(Task goal) Each line from the start of the records through the line containing "Women's Adidas Superstar II Shoes" is to be transcribed exactly, and no other line is to be included.

(Data extracts)
· · · · ·
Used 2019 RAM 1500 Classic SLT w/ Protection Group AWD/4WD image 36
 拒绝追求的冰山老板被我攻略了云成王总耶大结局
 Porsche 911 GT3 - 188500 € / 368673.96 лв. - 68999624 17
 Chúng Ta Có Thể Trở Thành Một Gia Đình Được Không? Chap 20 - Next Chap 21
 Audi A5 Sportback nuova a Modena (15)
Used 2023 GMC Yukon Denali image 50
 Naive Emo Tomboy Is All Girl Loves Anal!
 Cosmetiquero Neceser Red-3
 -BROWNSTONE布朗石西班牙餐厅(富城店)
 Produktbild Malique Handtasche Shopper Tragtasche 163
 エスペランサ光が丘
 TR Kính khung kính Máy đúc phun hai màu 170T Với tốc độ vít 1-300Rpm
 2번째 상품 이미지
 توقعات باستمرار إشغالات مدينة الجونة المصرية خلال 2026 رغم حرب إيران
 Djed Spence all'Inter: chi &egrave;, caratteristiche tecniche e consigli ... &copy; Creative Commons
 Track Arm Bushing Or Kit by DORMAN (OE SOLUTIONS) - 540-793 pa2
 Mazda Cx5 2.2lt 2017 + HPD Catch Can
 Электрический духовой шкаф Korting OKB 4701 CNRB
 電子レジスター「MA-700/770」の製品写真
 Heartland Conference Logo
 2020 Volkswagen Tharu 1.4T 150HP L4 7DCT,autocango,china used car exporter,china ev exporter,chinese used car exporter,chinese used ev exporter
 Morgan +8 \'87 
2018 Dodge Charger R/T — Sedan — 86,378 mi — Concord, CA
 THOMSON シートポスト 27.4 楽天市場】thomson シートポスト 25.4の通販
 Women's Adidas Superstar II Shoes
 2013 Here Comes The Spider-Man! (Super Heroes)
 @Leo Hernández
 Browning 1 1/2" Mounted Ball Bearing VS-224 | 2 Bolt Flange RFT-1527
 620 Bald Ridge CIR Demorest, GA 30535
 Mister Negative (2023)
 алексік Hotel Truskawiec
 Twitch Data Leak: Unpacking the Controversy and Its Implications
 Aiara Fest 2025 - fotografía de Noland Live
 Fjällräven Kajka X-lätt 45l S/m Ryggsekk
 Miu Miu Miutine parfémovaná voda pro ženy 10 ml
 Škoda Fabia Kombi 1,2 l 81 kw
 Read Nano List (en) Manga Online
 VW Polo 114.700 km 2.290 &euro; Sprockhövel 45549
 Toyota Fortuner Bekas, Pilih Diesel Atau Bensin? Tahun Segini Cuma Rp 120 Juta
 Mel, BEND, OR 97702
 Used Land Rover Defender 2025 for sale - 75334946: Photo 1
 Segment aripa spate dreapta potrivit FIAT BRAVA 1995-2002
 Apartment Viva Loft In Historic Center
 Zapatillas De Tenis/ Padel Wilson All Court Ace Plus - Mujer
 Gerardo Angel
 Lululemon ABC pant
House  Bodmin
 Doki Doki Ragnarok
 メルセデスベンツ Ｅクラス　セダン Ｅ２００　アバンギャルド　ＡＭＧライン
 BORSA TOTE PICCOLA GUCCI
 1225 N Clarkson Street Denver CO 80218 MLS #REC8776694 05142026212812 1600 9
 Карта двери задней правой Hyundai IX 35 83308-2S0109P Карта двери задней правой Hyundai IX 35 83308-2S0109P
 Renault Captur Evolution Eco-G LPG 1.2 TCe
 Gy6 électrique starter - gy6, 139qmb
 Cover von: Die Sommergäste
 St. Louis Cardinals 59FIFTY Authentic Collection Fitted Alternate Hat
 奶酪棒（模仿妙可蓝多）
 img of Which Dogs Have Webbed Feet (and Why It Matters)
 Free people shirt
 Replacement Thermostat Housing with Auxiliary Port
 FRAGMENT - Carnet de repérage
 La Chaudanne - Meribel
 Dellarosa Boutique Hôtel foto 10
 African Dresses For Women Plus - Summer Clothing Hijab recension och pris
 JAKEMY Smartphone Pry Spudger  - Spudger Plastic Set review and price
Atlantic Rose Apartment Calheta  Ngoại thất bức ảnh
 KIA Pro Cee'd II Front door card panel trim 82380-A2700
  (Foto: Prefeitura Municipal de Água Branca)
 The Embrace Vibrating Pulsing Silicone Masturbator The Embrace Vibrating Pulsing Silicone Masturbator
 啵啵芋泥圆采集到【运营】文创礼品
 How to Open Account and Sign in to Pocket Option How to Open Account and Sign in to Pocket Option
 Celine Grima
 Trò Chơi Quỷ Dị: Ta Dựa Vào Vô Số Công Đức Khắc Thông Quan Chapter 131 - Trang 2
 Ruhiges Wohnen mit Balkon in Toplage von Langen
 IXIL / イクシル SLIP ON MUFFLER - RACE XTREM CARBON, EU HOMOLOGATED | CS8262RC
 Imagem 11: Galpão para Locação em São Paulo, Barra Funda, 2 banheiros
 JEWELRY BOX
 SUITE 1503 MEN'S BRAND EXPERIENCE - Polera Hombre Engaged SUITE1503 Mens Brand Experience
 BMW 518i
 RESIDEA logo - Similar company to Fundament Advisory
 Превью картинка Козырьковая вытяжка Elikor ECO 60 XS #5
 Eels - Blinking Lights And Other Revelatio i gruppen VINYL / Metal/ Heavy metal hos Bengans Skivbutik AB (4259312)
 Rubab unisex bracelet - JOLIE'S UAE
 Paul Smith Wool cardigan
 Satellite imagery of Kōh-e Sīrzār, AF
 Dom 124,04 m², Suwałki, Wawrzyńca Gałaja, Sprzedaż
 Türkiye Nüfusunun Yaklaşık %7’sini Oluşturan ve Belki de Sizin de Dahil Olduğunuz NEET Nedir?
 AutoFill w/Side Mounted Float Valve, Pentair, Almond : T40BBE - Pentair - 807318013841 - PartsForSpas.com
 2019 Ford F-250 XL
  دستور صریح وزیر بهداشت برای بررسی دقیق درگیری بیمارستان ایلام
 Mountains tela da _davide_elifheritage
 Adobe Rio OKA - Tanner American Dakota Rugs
· · · · ·
(Answer below)
Used 2019 RAM 1500 Classic SLT w/ Protection Group AWD/4WD image 36
 拒绝追求的冰山老板被我攻略了云成王总耶大结局
 Porsche 911 GT3 - 188500 € / 368673.96 лв. - 68999624 17
 Chúng Ta Có Thể Trở Thành Một Gia Đình Được Không? Chap 20 - Next Chap 21
 Audi A5 Sportback nuova a Modena (15)
Used 2023 GMC Yukon Denali image 50
 Naive Emo Tomboy Is All Girl Loves Anal!
 Cosmetiquero Neceser Red-3
 -BROWNSTONE布朗石西班牙餐厅(富城店)
 Produktbild Malique Handtasche Shopper Tragtasche 163
 エスペランサ光が丘
 TR Kính khung kính Máy đúc phun hai màu 170T Với tốc độ vít 1-300Rpm
 2번째 상품 이미지
 توقعات باستمرار إشغالات مدينة الجونة المصرية خلال 2026 رغم حرب إيران
 Djed Spence all'Inter: chi &egrave;, caratteristiche tecniche e consigli ... &copy; Creative Commons
 Track Arm Bushing Or Kit by DORMAN (OE SOLUTIONS) - 540-793 pa2
 Mazda Cx5 2.2lt 2017 + HPD Catch Can
 Электрический духовой шкаф Korting OKB 4701 CNRB
 電子レジスター「MA-700/770」の製品写真
 Heartland Conference Logo
 2020 Volkswagen Tharu 1.4T 150HP L4 7DCT,autocango,china used car exporter,china ev exporter,chinese used car exporter,chinese used ev exporter
 Morgan +8 \'87 
2018 Dodge Charger R/T — Sedan — 86,378 mi — Concord, CA
 THOMSON シートポスト 27.4 楽天市場】thomson シートポスト 25.4の通販
 Women's Adidas Superstar II Shoes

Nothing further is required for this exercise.